# Records to use:
##############################
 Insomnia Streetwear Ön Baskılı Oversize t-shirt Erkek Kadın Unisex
##############################
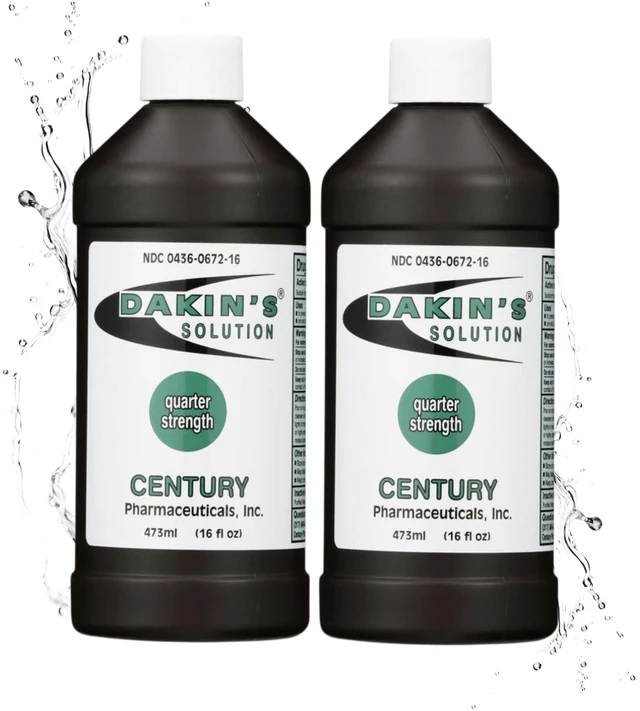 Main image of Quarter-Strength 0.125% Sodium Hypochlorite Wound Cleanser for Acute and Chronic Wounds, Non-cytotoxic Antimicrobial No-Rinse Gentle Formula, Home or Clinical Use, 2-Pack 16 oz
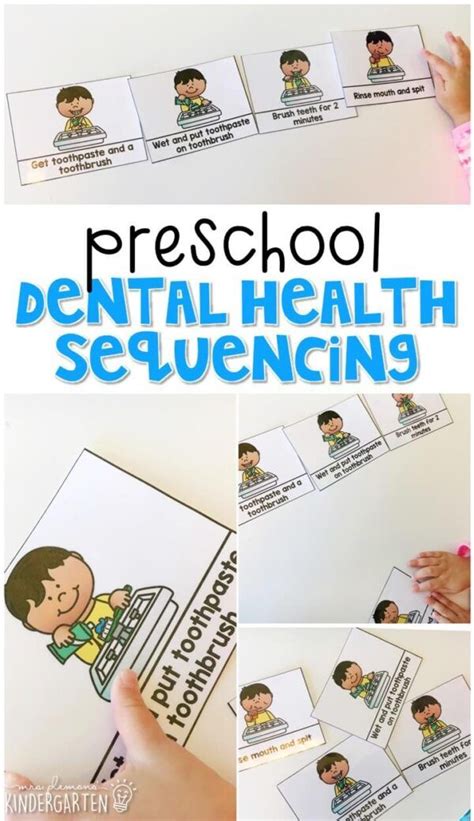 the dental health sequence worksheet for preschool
##############################
# Exercise requirements:
Leaving out each picture, repeat exactly the lines above from the one that contains "Main image of" through the one that contains "the dental health".

# Written solution:
 Main image of Quarter-Strength 0.125% Sodium Hypochlorite Wound Cleanser for Acute and Chronic Wounds, Non-cytotoxic Antimicrobial No-Rinse Gentle Formula, Home or Clinical Use, 2-Pack 16 oz
 the dental health sequence worksheet for preschool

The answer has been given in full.